Tuesday, August 06, 2013

A Day

10:47 AM -

Yesterday I saw a Dr. I was "warned" beforehand that he likes to check for everything and that didn't seem like a bad thing, still doesn't - in my head. He is a character, kind, quirky, genius-ey.  He spoke (I listened) to me in his office for what must have been either side of an hour.  I couldn't stop him, and I tried my best to take it all in.

The office staff did not seem thrilled that we were in there so long, but they should be used to it is my guess.  As I was leaving they were Facebooking excitedly about Snooki (it wasn't really her but a friend of one of them that looks like her and another one thought it was her) and Shark Week (amazing what marketing can do). Mostly he read me the riot act (in his wonky, wordy way) about my weight. He measured my waist (first time a Dr. ever did that) and told me all kinds of stats abut me and my extra pounds.

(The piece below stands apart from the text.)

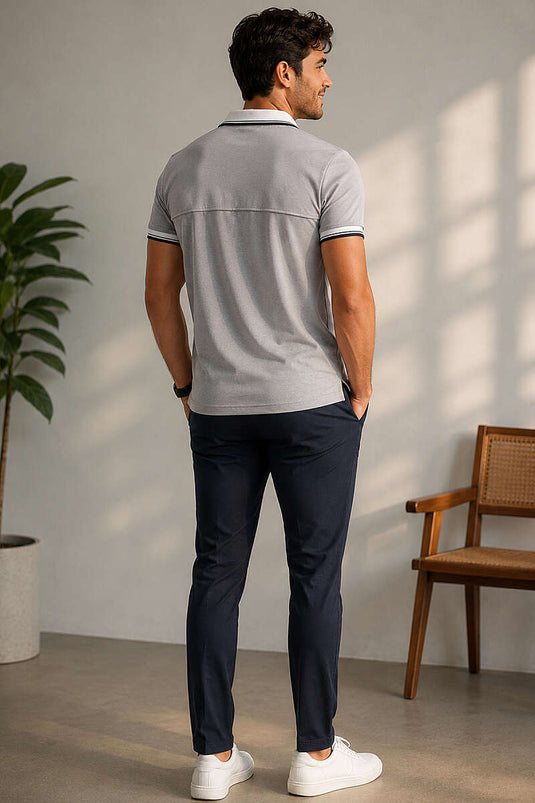 T-shirt homme gris à col polo avec fausse poche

He was going to give me some info (the staff was supposed to, in print, but they were too distracted and I was too tired having fasted for the tests for the 2 o'clock appointment, and at the end somehow it was after 4.While he kept talking I wondered what time it was, guessed it was probably 3, but didn't want to be rude by looking at my watch).

10:44 PM - A day.

Looking back, I'm not sure why I shared what I shared above.  And if you asked me what details I said, I'd honestly tell you I don't remember.

I had lunch with a dear, longtime friend today. We chatted for a long time and it was good.

We discussed Torah and pop culture and life as we know it.  My friend says that he finds Billy Joel more honest about who he is and feels he doesn't really trust Sringsteen's "honesty." I'm pretty trusting of this portrayal, though my friend thinks it could all be contrived by "The Boss." We spoke about Comedians in Cars Getting Coffee and about Ipods. (My friend watched that show in bed, because he has a Crackle app.

My friend lives in West Hempstead and told me that Rabbi David Orlofsky was once visiting his brother and spoke. Moshe Radinsky, my dear friend, started saying, "He spoke about that story, you know the famous one..." Somehow I decided to take a guess. "You mean the one about, "Why weren't you Zusia." Somehow I was right. As my friend recalled it, Rabbi Orlofsky said that he thought this story was told in an unhelpful way. The moral of the story, as it's usually told, is that we will be asked one day why we did not become our selves.  He had a different perspective, no-one becomes themselves one hundred percent. Rather, the point is to live a life of striving, to be the you who worked towards being the best you possible. Or something like that.

11:59 - Good night and may G-d Bless.